Sulla vetta di Cima Loverdina, sullo sfondo la Val di NonLa mèta è una facile cimotta, almeno ci sembrava, sopra Malga Termoncello: la panoramica
Cima Loverdina m 2237. Si arriva in auto, partendo dal centro di Cunevo, fino nei pressi della bellissima radura di
Malga d’Arza m 1597.
Ci si incammina per la
forestale/sentiero 330 e si segue l’indicazione per
Malga Termoncello m 1852, altro posto semplicemente magnifico. Osserviamo Cima Loverdina per decidere la via di salita. Abbiamo ben tre cartine ma riusciamo ugualmente a sbagliare sentiero. Dalla malga vediamo una traccia che sale su dritta verso la cima, ma siccome ci piace incasinarci ci facciamo fregare dalla nuovissima carta 4land, che indica un sentiero che risale il crinale nord-nordest (approfondiremo meglio la questione).

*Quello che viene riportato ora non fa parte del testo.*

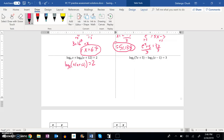Now I'm going to write this as an exponential statement. So 8 to the second power — the base to the exponent is equal to that input.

Attraversiamo i prati della malga verso il crinale e troviamo un sentiero, non segnato ma ben tracciato, che seguiamo soddisfatti per aver trovato subito la via. Senonché dopo un po’ ci rendiamo conto che il sentiero
aggira la Loverdina a est e non vuole saperne di salire.
Abbandoniamo quindi il sentiero e saliamo “a panza” nel bosco, verso il crinale. Peccato che, man mano che si sale, le
barriere di mughi si facciano sempre più imponenti e minacciose. Sfruttiamo tutti i possibili “corridoi” e saliamo ancora, cercando di arrivare al benedetto crinale, dove contiamo di intercettare il famoso sentiero. Invece va sempre peggio e in breve ci troviamo infognati nei mughi alti 4 metri, tipo giungla amazzonica.
Non molliamo la presa e, testardi, iniziamo un
duro ravanamento, condito con bestemmioni vari. In alcuni passaggi vediamo dei vecchi mughi tagliati, quindi deduciamo che siamo su qualche antica traccia inghiottita negli anni dalla mugara. Insistiamo nella boscaglia quasi impenetrabile infilandoci, a testa bassa, in tutti i pertugi possibili.
Dopo un’altra mezzora di ravanate varie finalmente i mughi infami diventano più radi e becchiamo una vaghissima traccia che appare e scompare, suscitando euforia o sconforto a seconda dei casi. Ma ormai siamo in vista della cima, anche se abbiamo faticato come bestie. Sbuchiamo ansanti sulla dorsale, finalmente vediamo il lago di Tovel e Malga Termoncello dall’alto. Vediamo anche la traccia che sale direttamente dalla malga, e che ci avrebbe evitato questa ravanata demenziale. Vabbè pazienza, tutta esperienza anche questa (mai lasciare la via certa per l'incerta...).
Mangiamo sulla cima, facciamo foto brutte perché il cielo, alla faccia di Meteotrentino che aveva previsto “molto soleggiato” è invaso ovunque da una nuvolaglia grigia. Fa anche freschino e ci tocca vestirci con un sano pile per non battere i denti. Tocca ora alla discesa, che avevamo sentito descrivere un po’ rognosa. In effetti lo è: dalla cima pratosa si prosegue per la cresta che precipita immeditamente su brutti dirupi. Si traversa brevemente per un tratto roccioso ripido e ghiainoso, dove è meglio non scivolare. Si mette qualche mano a terra e si cala con attenzione.
Ci si abbassa rapidamente di circa 20-30 metri, senza grossi problemi in verità, per continuare con un traversone facile che va a riprendere la cresta, un filo esposta, e quindi risale per il culmine di un roccione finale. Di qui un’altra calata ripida, ma breve, che si fa con un po’ di attenzione aiutandosi con le mani (1° grado). Nulla di che. Si cala quindi nella
Val dell’Inferno e, per sentierello in costa, fino alla
Passo degli Inferni, che si affaccia sulla
spettacolare Alpe di Campa. Dall’alto vediamo la Malga Campa deserta, zona di scorribande dell’orso.
Saremmo tentati di proseguire in direzione Sella del Montoz e rientrare da Malga Campa, ma l’ora è ormai tarda. Scendiamo per il ripido sentierino in Valle degli Inferni che si congiunge col
sentiero 370, arriviamo a
Malga Loverdina m 1768 (con bivacco sempre aperto), e quindi senza problemi fino alla forestale che ci riporta a Malga D’Arza.